[29 November 2011]
Canadian soft-rock practitioner Craig Ruhnke left behind the Toronto-based Groovin’ Company of the late ‘60s, had a few modest solo hits, launched his own Pinnacle label, and eventually signed with A&M. This trio of releases chronicles Ruhnke’s output between 1979 and 1984. It’s pure soft-rock (sans reverie) with approximations of Barry Manilow, Exile, Firefall, and The Beach Boys on an off night. It’s hard to listen to this material in the contemporary setting as it all sounds horribly dated, covered in the fuzzy haze of late ‘70s FM pop, when the music lost any sense of irony at the very moment that it probably needed it most.
The promotional-only release The Craig Ruhnke Band highlights this problem via “Why Don’t You Come Up and See Me Sometime”, which should have been a novelty cabaret piece but lacks any sense of humor and fails to acknowledge the camp elements inevitable in revisiting older forms. “It’ll Take Time” was perhaps best suited for a career as a 30-second jingle but was instead carried to full term and emerged as a two-minute-plus song. “It’s Time To Fall In Love” is laughable love song treachery that makes Peter Frampton’s “I’m In You” sound like a Shakespearian masterpiece. Three “bonus” tracks augment the original 12: a wan Eagles copy “Daisy May”, a putrid synth-laden “Dancin’ At Midnight”, and more soft rock mind rot (“Somebody To Love”).
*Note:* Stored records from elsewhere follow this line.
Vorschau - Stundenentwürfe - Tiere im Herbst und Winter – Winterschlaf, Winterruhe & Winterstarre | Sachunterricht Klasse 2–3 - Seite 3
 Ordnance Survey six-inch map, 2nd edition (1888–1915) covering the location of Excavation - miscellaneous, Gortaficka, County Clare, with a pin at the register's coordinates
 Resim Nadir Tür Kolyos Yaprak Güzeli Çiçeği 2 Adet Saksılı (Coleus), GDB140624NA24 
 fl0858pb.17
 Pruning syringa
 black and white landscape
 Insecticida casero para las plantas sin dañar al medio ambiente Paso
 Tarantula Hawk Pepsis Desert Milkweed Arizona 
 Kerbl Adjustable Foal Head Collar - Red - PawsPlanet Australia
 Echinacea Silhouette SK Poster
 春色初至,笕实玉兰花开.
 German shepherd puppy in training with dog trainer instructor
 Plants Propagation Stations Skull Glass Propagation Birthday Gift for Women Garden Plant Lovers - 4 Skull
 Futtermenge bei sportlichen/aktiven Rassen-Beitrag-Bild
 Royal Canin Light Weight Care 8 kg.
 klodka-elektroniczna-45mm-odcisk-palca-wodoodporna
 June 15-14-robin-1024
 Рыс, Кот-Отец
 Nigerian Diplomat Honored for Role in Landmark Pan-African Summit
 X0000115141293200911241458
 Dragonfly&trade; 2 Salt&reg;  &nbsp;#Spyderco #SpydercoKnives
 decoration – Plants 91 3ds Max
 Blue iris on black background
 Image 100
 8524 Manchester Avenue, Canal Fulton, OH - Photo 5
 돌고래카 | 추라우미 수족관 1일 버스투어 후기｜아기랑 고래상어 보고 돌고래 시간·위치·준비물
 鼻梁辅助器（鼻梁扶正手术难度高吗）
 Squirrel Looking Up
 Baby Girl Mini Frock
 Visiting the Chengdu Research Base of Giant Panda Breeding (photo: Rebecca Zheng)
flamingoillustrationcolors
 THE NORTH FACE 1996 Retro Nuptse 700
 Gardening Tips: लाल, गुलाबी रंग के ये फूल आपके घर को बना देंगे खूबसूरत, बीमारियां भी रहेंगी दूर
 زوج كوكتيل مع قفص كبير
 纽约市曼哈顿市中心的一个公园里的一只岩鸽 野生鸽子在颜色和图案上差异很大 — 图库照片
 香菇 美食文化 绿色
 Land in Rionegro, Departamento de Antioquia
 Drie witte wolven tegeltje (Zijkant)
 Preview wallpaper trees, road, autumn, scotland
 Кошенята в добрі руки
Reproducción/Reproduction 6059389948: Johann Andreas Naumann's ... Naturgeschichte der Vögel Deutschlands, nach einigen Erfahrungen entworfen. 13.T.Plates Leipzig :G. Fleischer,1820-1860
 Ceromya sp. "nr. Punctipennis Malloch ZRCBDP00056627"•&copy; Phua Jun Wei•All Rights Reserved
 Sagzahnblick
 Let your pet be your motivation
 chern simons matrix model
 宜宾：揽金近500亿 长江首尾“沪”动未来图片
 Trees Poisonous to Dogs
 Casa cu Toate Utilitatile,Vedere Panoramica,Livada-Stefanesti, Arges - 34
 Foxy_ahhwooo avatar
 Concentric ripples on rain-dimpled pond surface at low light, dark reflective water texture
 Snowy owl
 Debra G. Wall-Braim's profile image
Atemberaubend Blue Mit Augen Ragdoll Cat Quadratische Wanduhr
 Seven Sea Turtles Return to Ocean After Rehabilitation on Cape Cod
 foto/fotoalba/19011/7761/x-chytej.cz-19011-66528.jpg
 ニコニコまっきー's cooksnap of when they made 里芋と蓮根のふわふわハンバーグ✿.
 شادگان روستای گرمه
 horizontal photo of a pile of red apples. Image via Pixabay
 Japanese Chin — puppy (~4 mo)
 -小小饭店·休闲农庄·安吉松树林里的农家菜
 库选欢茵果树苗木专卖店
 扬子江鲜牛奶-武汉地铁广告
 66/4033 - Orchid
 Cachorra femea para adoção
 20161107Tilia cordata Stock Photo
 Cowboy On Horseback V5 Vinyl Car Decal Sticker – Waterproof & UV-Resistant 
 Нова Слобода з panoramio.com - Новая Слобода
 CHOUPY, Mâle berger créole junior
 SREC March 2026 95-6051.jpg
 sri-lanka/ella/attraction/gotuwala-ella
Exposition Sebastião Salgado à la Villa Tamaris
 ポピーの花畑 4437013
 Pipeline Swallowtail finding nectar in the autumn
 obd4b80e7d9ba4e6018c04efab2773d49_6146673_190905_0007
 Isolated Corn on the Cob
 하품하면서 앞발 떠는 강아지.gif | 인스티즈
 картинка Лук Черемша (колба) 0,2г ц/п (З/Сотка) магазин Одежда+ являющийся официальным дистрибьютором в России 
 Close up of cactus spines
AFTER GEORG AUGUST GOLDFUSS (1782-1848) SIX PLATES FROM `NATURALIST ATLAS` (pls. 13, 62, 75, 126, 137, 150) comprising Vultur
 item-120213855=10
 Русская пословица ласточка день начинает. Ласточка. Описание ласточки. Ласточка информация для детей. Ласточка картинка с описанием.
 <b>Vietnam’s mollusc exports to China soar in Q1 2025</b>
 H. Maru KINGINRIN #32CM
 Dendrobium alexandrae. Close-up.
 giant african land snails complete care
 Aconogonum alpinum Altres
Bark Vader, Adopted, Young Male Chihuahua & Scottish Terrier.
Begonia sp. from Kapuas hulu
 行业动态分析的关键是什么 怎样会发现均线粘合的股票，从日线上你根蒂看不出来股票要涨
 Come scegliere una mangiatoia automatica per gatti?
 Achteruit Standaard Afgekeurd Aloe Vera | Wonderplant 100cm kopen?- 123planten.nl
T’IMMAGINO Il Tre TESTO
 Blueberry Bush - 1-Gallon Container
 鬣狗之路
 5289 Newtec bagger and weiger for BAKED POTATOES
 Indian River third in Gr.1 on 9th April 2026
1982’s Just Like Old Times is a painfully earnest record that suffers from more dated production and a penchant for mimicking the, er, cream of the era’s soft-rock crop. To his credit, Ruhnke’s songwriting, such as it is, had improved by this release. Although the lyrics still lean on cloying sentimentality and cliché, the material is not as overtly derivative and under-developed as on the 1979 release. Four bonus tracks round out this collection, including the gospel-inflected “Hold Me Now”, a track replete with frosty synthesizers and programmed drums; there’s also “A Lighthouse In The Storm” and two other forgettable afterthoughts—“Love’s A Celebration” and “Put It In A Love Song”.
1984’s Keep The Flame offers more of the same, albeit with softer, more anonymous sounds perhaps created not so much to be listened to as heard in the scant distance of a dentist’s office or while pumping gas. That said, “It’s Been Such A Long Time” features the artist’s best vocal performance across these three reissues, although that’s like trying to choose your favorite diarrhea episode during your last flu bout.
It’s hard to imagine that there’s a legitimate audience for these reissues or that their excavation from the deepest, darkest recesses of time was really necessary. In truth, some records deserve to find their final resting place, to rot in eternity, without having their sleep disturbed. These albums are perfect examples. Avoid by any means necessary.